General problem
Many (x, y) pairs (observations), h(x, w) form (eg: degree of polynomial) known, parameters \(w\) in h(x, w) is unknown. Want to find \(w\). range(h) is not finite, it is usually continuous.
y is the response variable, \(w\) is called the regression vector. The matrix formed by \(x\) is often called the design matrix.
Many such continuous valued models are described in probabilistic models reference.
Linear regression
The problem
h(x, w) is linear in \(w\) (Eg: \(w_1 x^{3}+ w_2 \)x\( + w_3=0\): \(\ftr_{i}(x) = x^{i}\)).
Make matrix A with each row as feature vector \(\ftr(x)\) at data point \(x\); take b at diff points; coefficients as variable vector \(w\).
The solution
Want to tune \(w\) so that it yields least deviation from b.
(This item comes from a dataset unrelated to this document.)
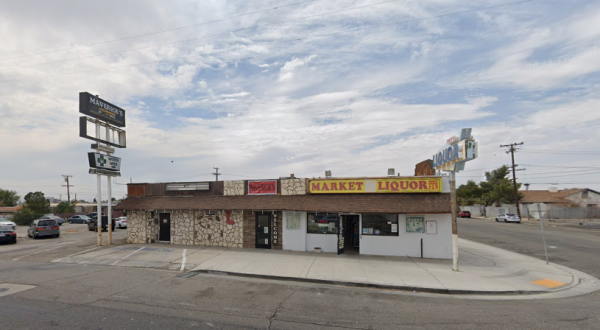 Blink And You’ll Miss This Tiny But Mighty Steakhouse Hiding In Southern California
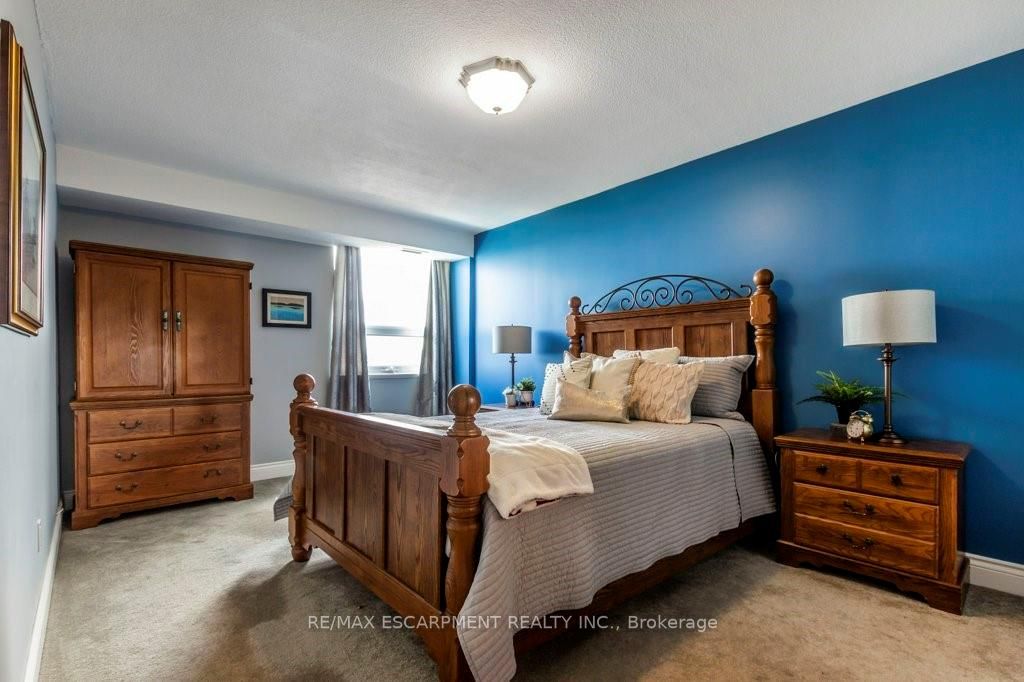 500 Green Road, #705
You measure this using various loss functions.
Quadratic loss function
Get least squares problem \(\min e(w) = \min \norm{Aw - b}_{2}\). This is symmetric, but is sensitive to outliers.
Maximum likelihood estimate with Gaussian noise
If you view y as h(x, w) + gaussian noise n, least squares solution is also the maximum likelihood solution.
Noise distribution symmetric about the mean is not sufficient to lead to least squares solution: \(\min e(w) = \min \norm{Aw - b}_{4}\) symmetrically penalizes deviation from mean just as well.
Imposing prior distributions on w
Solutions below assume quadratic loss function to measure deviation from b. Priors implied by regularizers in \(\min e(w) = \min \norm{Aw - b}{2} + p(w)\) where p is some penalty function. Usually \(p(w) = \norm{w}{k}\).
Quadratic regularizer
Assuming gaussian noise, the maximum a-posteriori solution yields the ridge regression problem.
Priors which prefer sparse w
Can use lasso, or compressed sensing. See optimization ref.
Statistical efficiency
N samples, \(d\) dimensions. \(E[\norm{\hat{\gth} - \gth^{*}}_2] \leq \sqrt{\frac{s \log d}{N}}\).
Solution
See optimization ref.